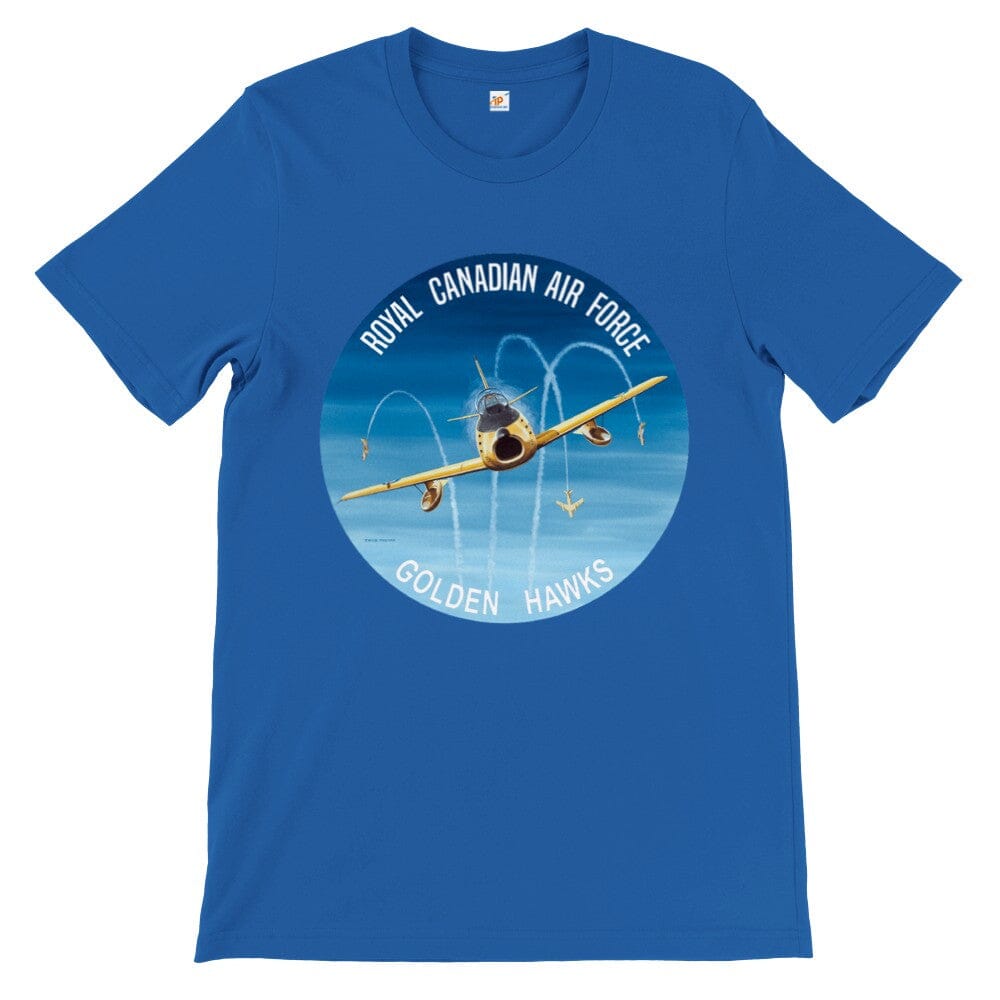 Thijs Postma - T-shirt - North American F-86 Golden Hawks - Premium Unisex T-shirt TP Aviation Art Royal S 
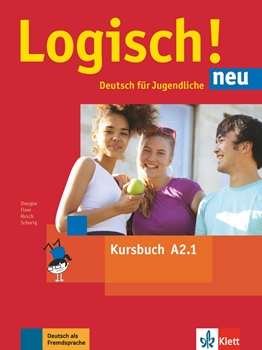 LOGISCH! NEU A2.1 KURSBUCH MIT MP3 DOWNLOAD resmi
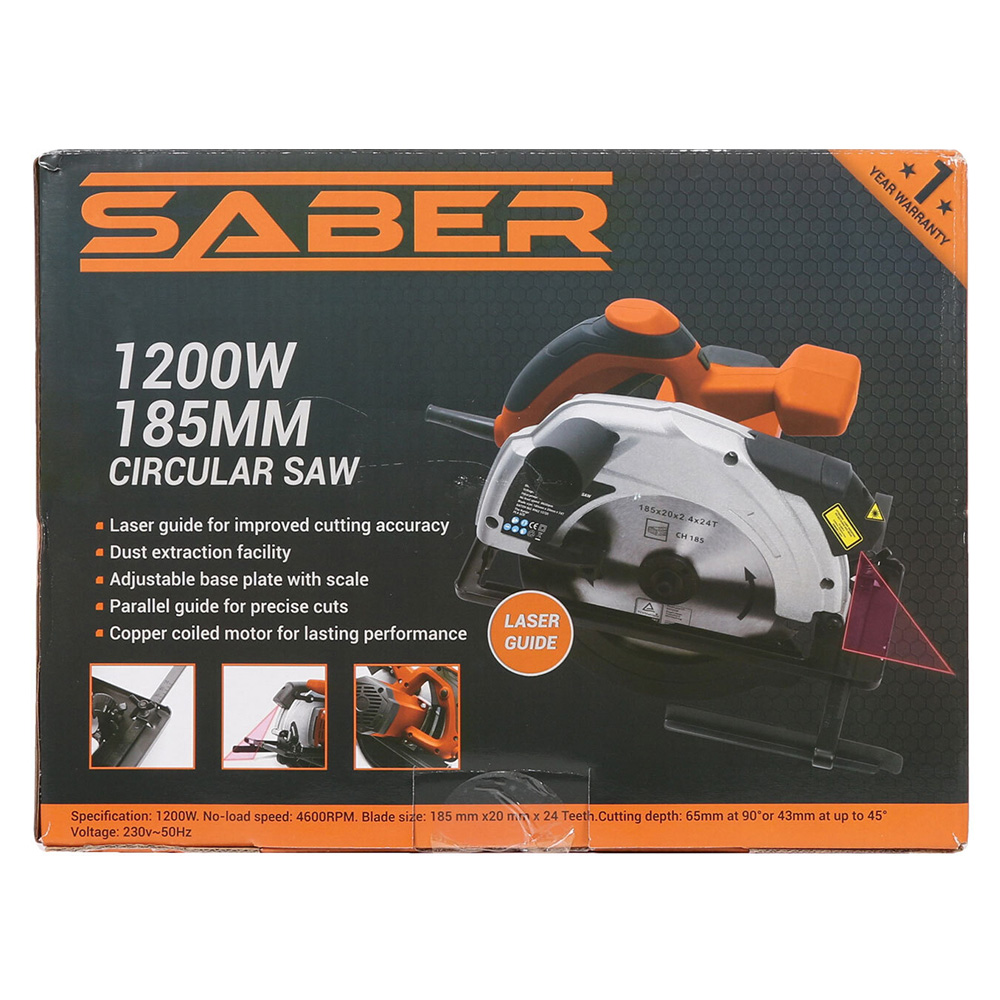 Saber Circular Saw 1200W Image 2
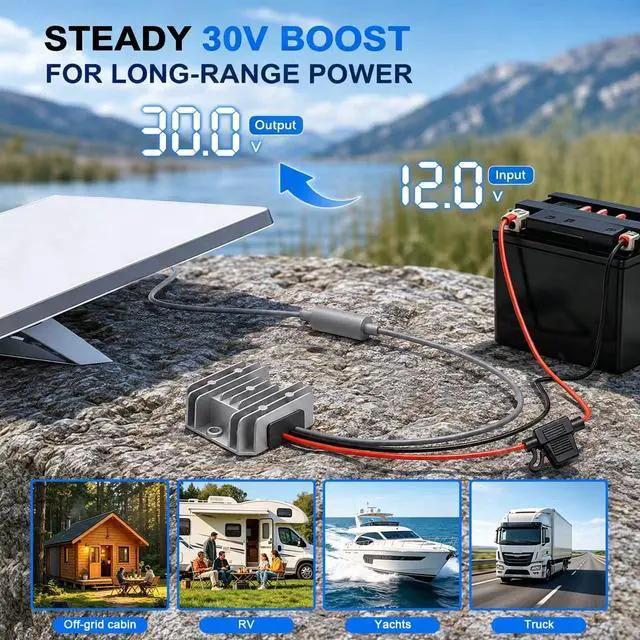 Alt view image 2 of 5 - Starlink Mini 12V Adapter, 12V/24V to 30V 3.5A DC Step Up Converter (IP68)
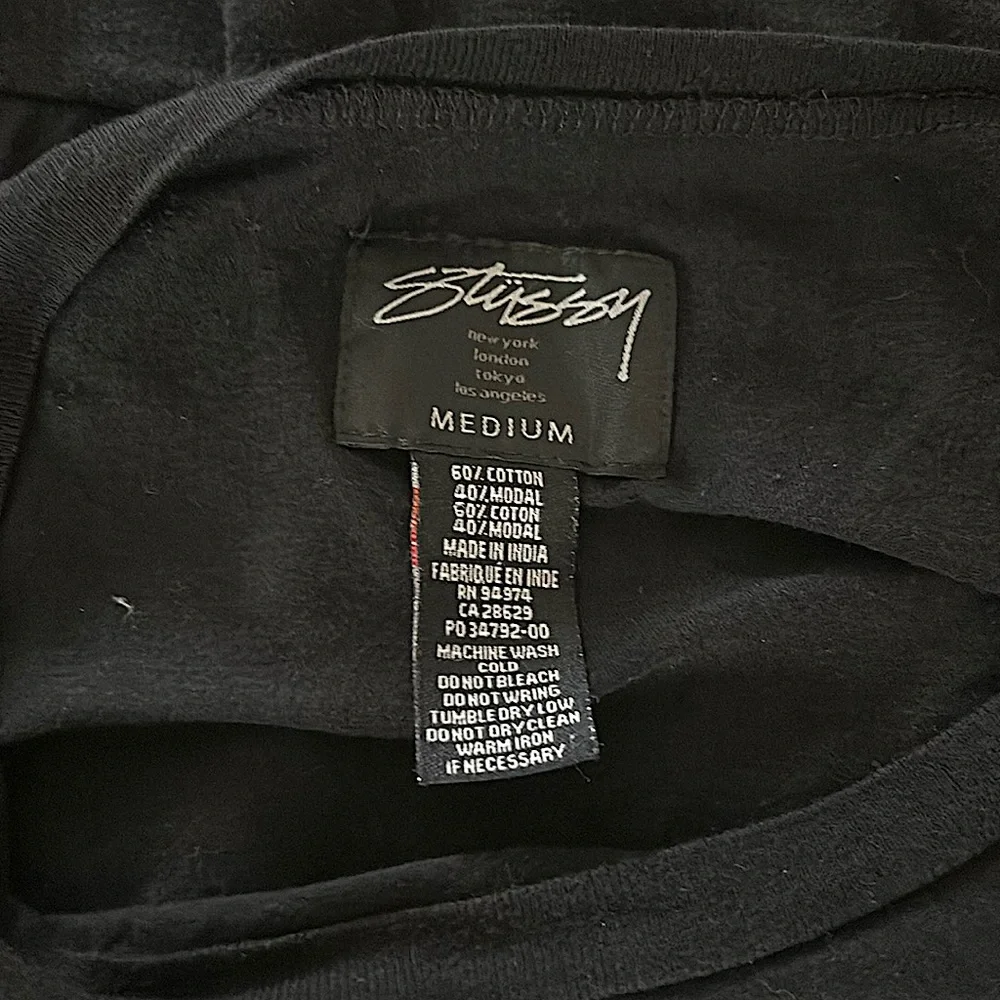Stussy Vintage Black Long Sleeve Sweatshirt Top **Size M**🖤🖤 - Picture 4 of 7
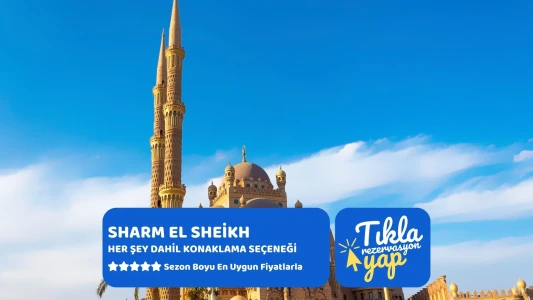 KAHİRE & SHARM EL SHEIKH TURU Pegasus Havayolları ile 5 Gece || 16169||20449
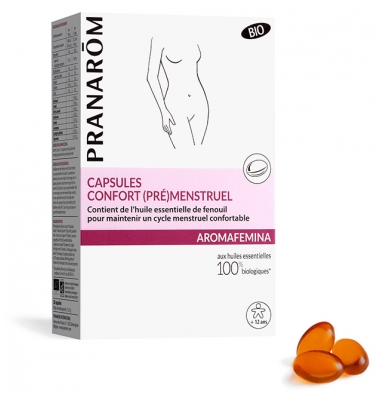 Pranarôm Aromafemina Capsules Confort (Pré)Menstruel Bio Aux Huiles Essentielles Biologiques 30 Capsules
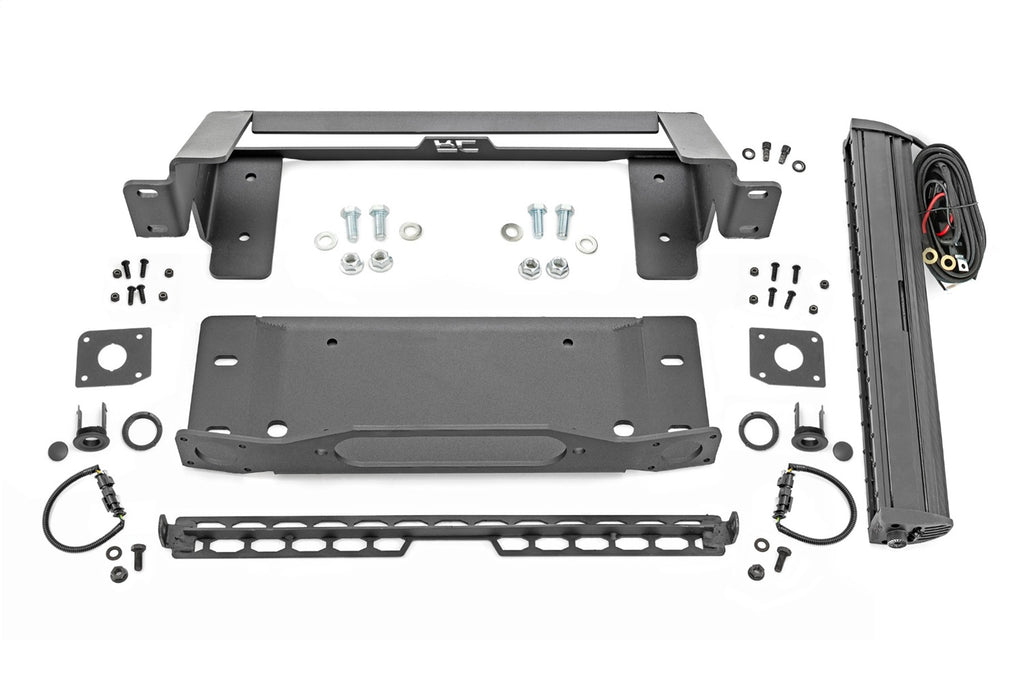 Rough Country 51067 Winch Mounting Plate for Select Ford Bronco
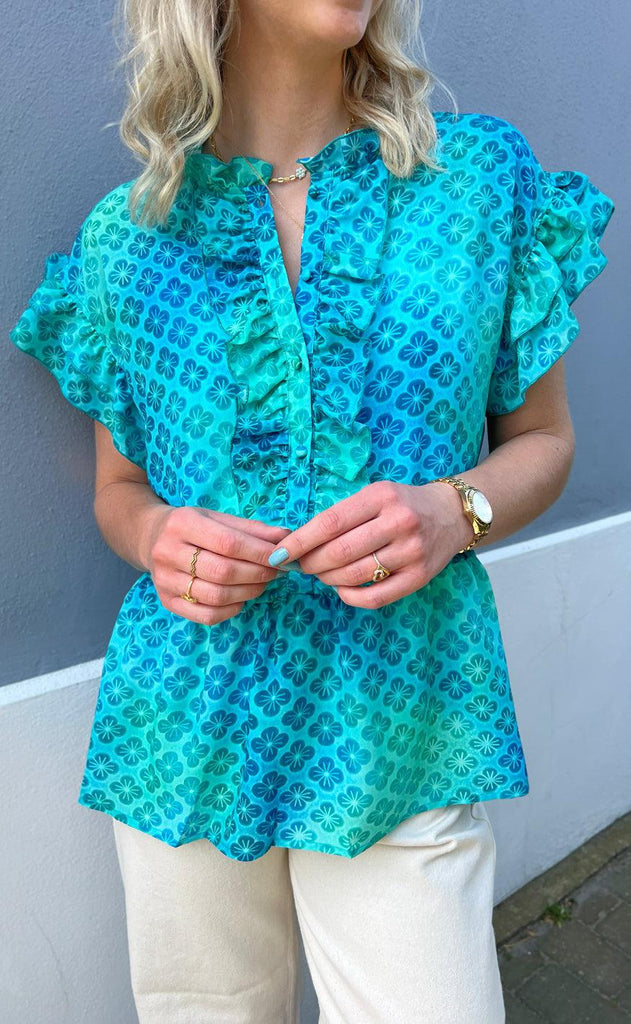 INA Copenhagen Topp - Freya - Aqua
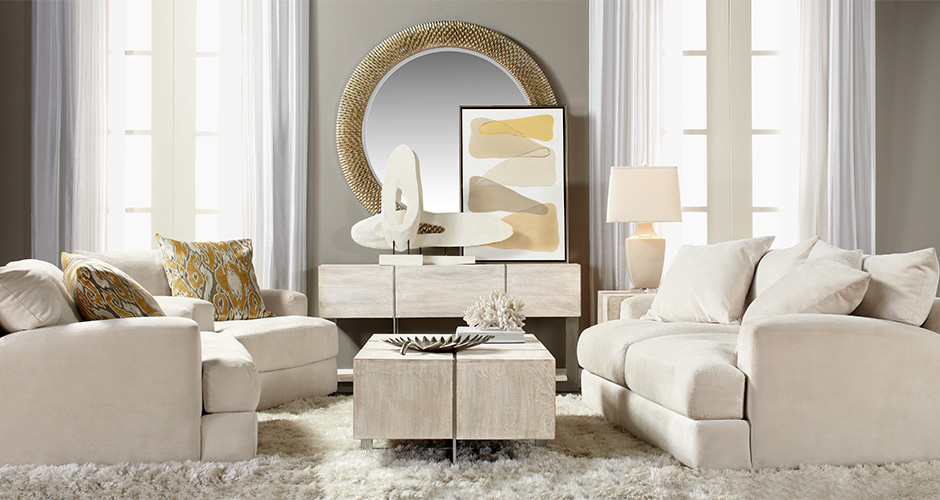 Clifton Occasional Table Collection, Z Gallerie Mirror Coffee Table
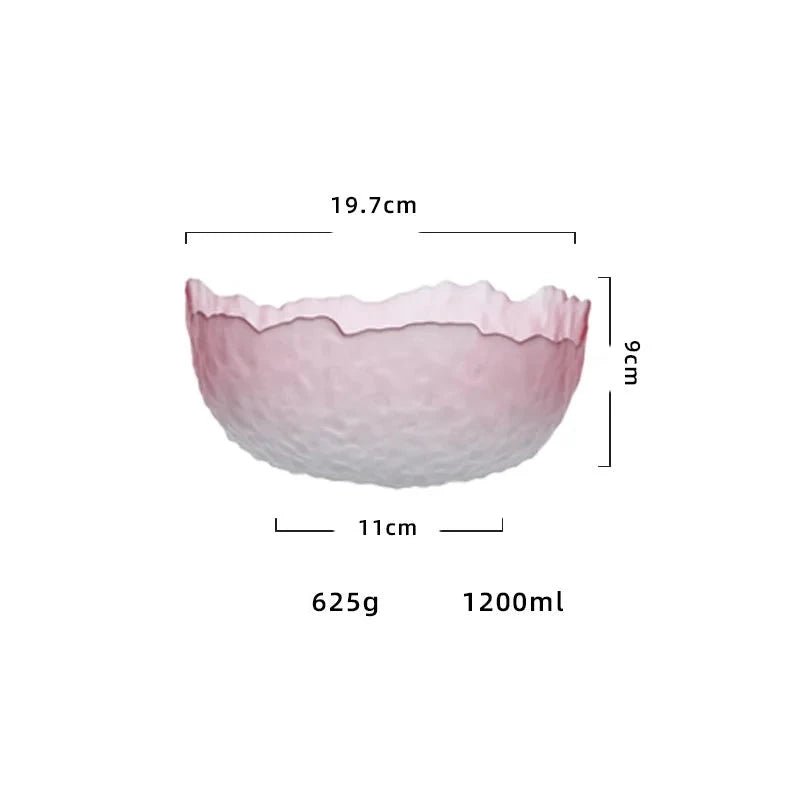 Gradient Coloured Tempered Glass Bowl - The House Of BLOC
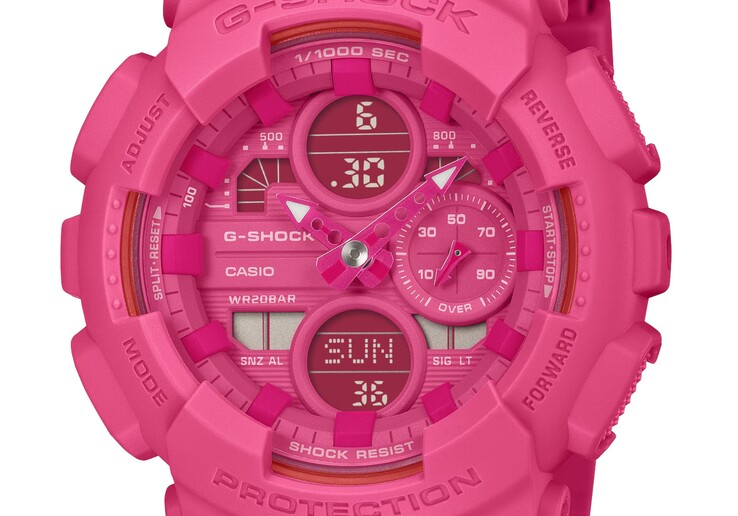 Het Pink Ribbon model GMDS5610PK-4 G-Shock horloge wordt geleverd in een roze kleur die overeenkomt met het logo van de BCRF. (Afbeeldingsbron: Casio)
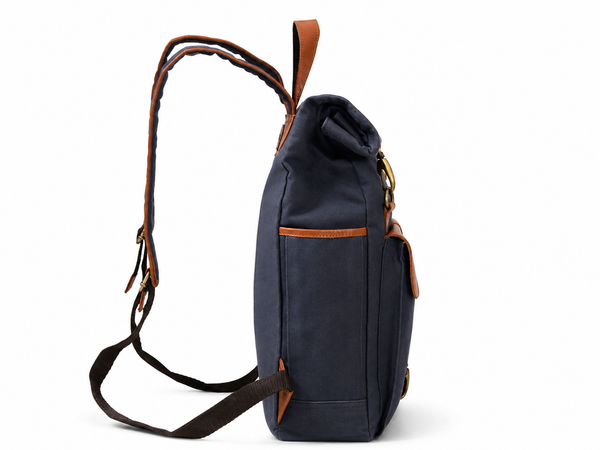 Canvas & Full-Grain Buffalo Leather Adventure Backpack
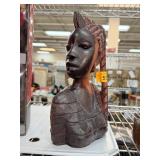 LARGE CARVED WOOD AFRICAN TRIBAL SCULPTURE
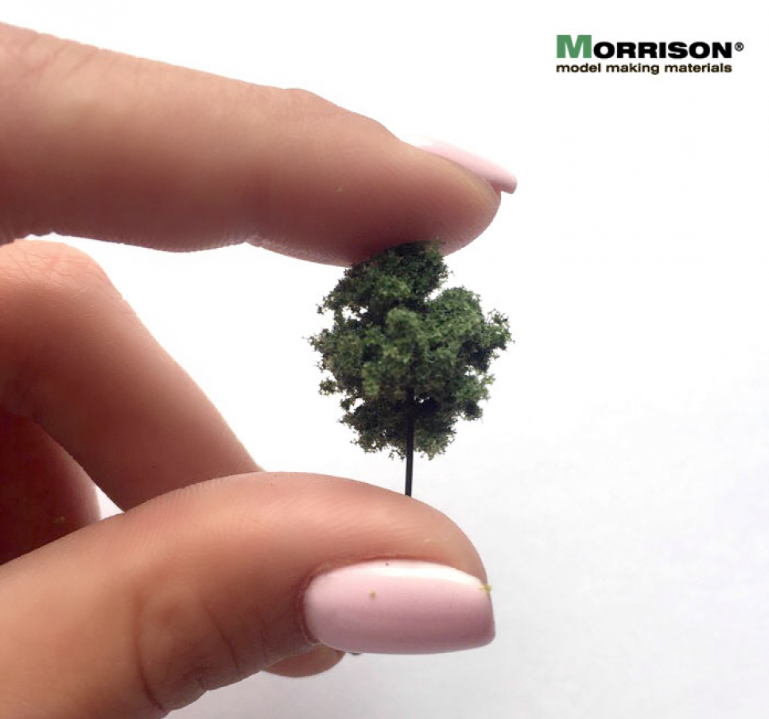 011dam005 2 см. Дерево для архитектурного макета (темная крона)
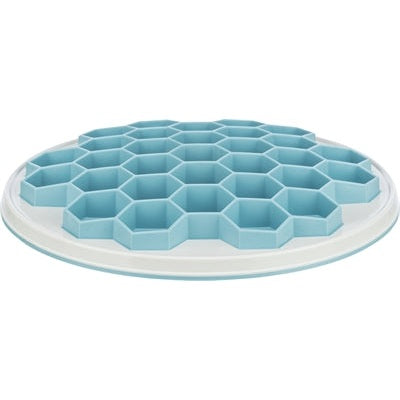 Trixie Slowfeeding Plaathive Kunststof / Tpr / Tpe Grijs / Blauw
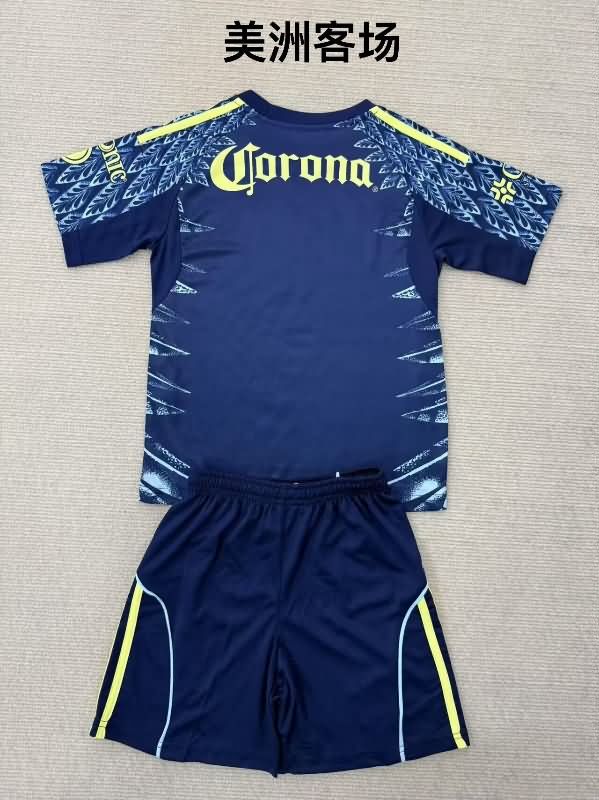 Club America 25/26 Kids Away Soccer Jersey And Shorts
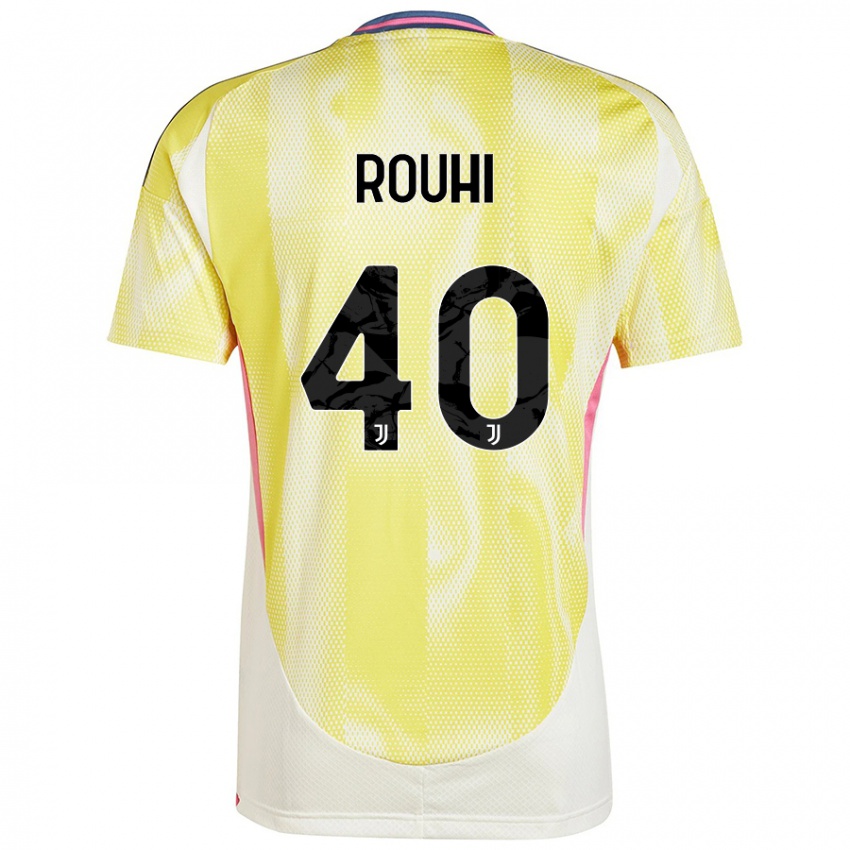 Uomo Maglia Jonas Rouhi #40 Giallo Solare Kit Gara Away 2024/25 Maglietta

• EXERCISE: The output must match, line for line, the span from the line containing "Canvas & Full-Grain" through the end of the data, with the pictures removed.

• RESULT OF THIS EXERCISE:
 Canvas & Full-Grain Buffalo Leather Adventure Backpack
 LARGE CARVED WOOD AFRICAN TRIBAL SCULPTURE
 011dam005 2 см. Дерево для архитектурного макета (темная крона)
 Trixie Slowfeeding Plaathive Kunststof / Tpr / Tpe Grijs / Blauw
 Club America 25/26 Kids Away Soccer Jersey And Shorts
 Uomo Maglia Jonas Rouhi #40 Giallo Solare Kit Gara Away 2024/25 Maglietta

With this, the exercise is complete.